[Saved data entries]
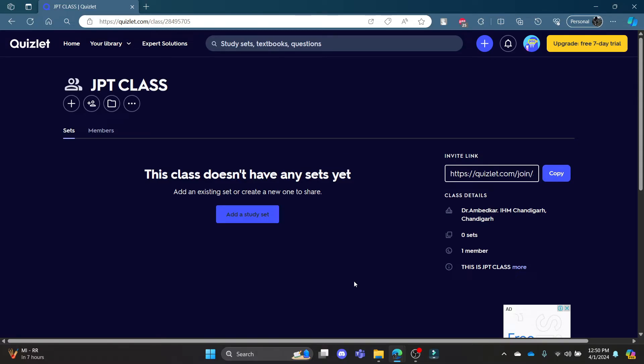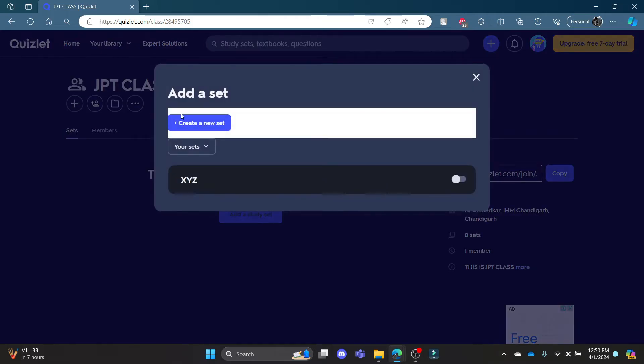Go ahead and open quizlet.com and then log into your account. Now go ahead and go to your class and you can see this interface over here. You can click on this and there will be a new set if you create one.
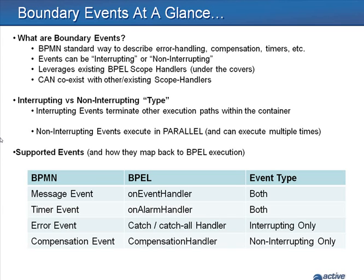In this vignette, we'll review how to use boundary events within a process model. Boundary events are the standard way to describe things like error handling, compensation, and timers in BPMN notation.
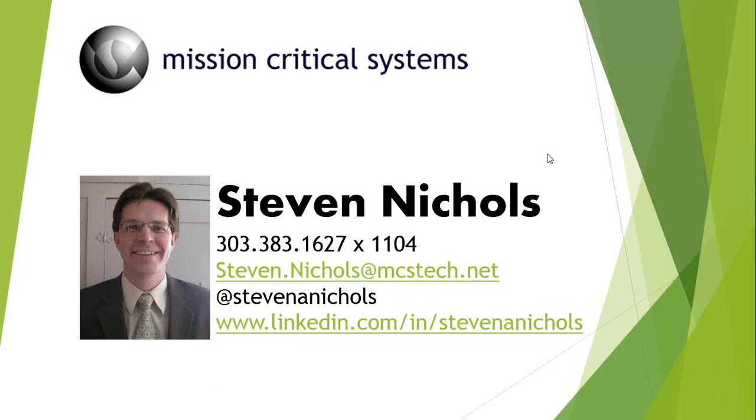For business development for Mission Critical Systems, a SharePoint development company based here in Denver, Colorado.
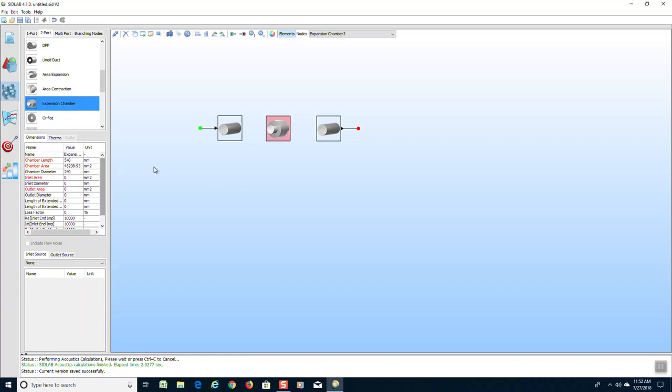It also needs an inlet and outlet pipe diameter, which is the same as these two pipes. So we will give it 116.5 for the inlet and the outlet diameter of 116.5.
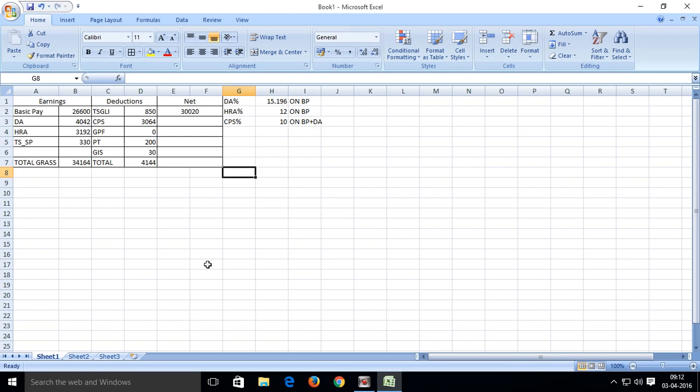Ok friends, this way we can calculate our salary details. Thank you.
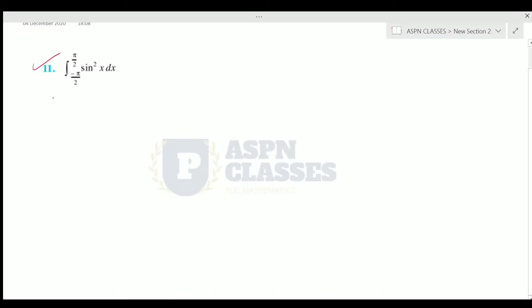Question number 11 is the integration of minus π/2 to plus π/2 of sin squared x dx.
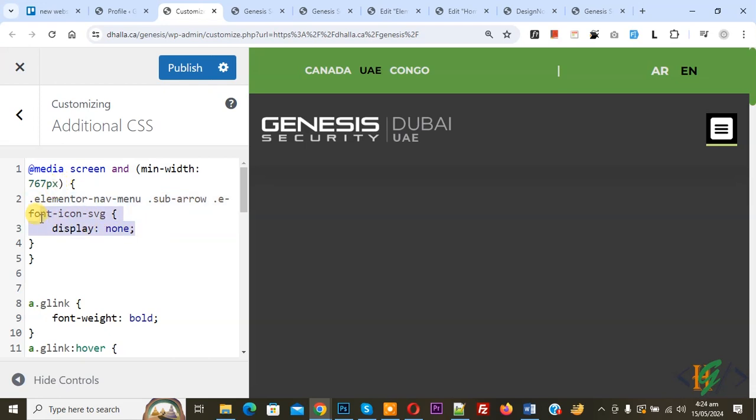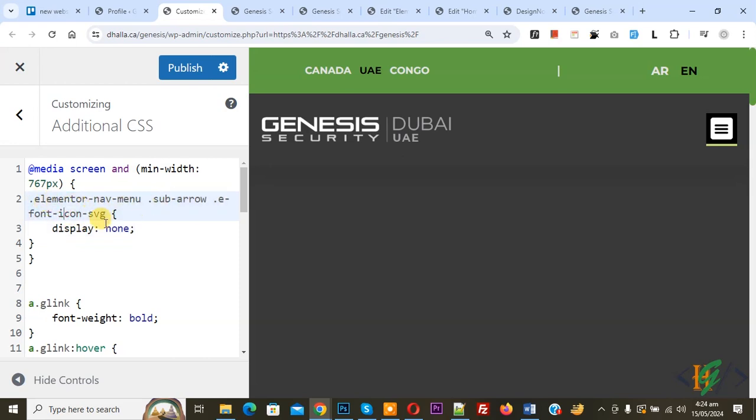This custom code only apply above 767 screen not apply below 767. You can add number according to requirement and then we are using Elementor sub menu indicator class Elementor navigation menu sub arrow and then we added display none and then you see bracket close.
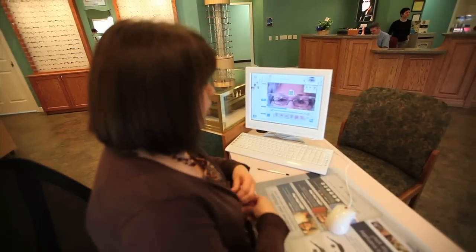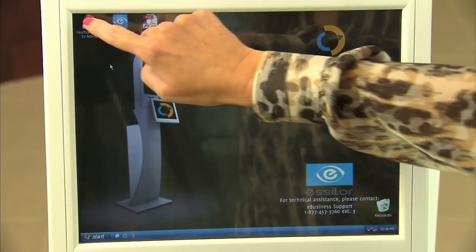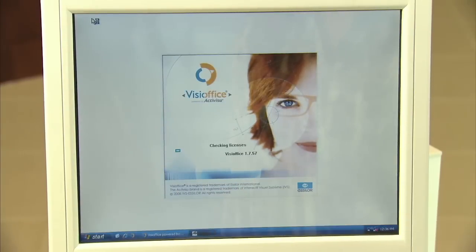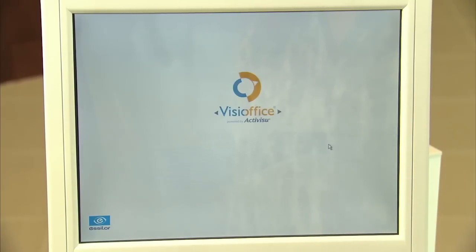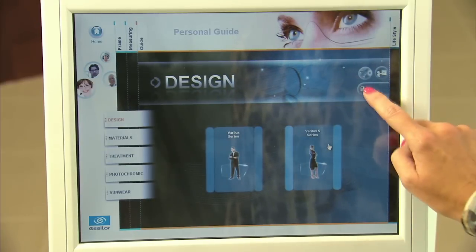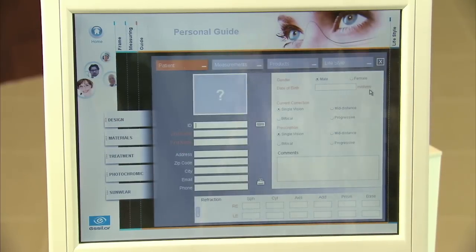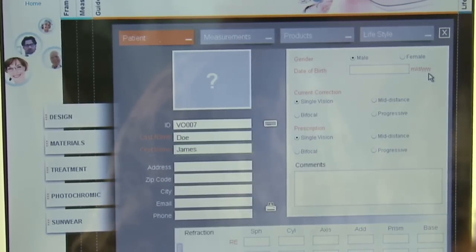ECPs can guide the patient through any number of the VisiOffice system's functions in any order they wish. You begin by choosing a patient category: child, adult single vision, or adult presbyo. After choosing the patient category, the system begins with the guide section. Make sure to open a new patient file and input the patient's prescription. This file will capture and store all of the patient's measurement data from the other sections.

EXERCISE DIRECTIONS:
Retype the data word for word, please, and keep the images out.

THE ANSWER:
Go ahead and open quizlet.com and then log into your account. Now go ahead and go to your class and you can see this interface over here. You can click on this and there will be a new set if you create one.
In this vignette, we'll review how to use boundary events within a process model. Boundary events are the standard way to describe things like error handling, compensation, and timers in BPMN notation.
For business development for Mission Critical Systems, a SharePoint development company based here in Denver, Colorado.
It also needs an inlet and outlet pipe diameter, which is the same as these two pipes. So we will give it 116.5 for the inlet and the outlet diameter of 116.5.
Ok friends, this way we can calculate our salary details. Thank you.
Question number 11 is the integration of minus π/2 to plus π/2 of sin squared x dx.
This custom code only apply above 767 screen not apply below 767. You can add number according to requirement and then we are using Elementor sub menu indicator class Elementor navigation menu sub arrow and then we added display none and then you see bracket close.
ECPs can guide the patient through any number of the VisiOffice system's functions in any order they wish. You begin by choosing a patient category: child, adult single vision, or adult presbyo. After choosing the patient category, the system begins with the guide section. Make sure to open a new patient file and input the patient's prescription. This file will capture and store all of the patient's measurement data from the other sections.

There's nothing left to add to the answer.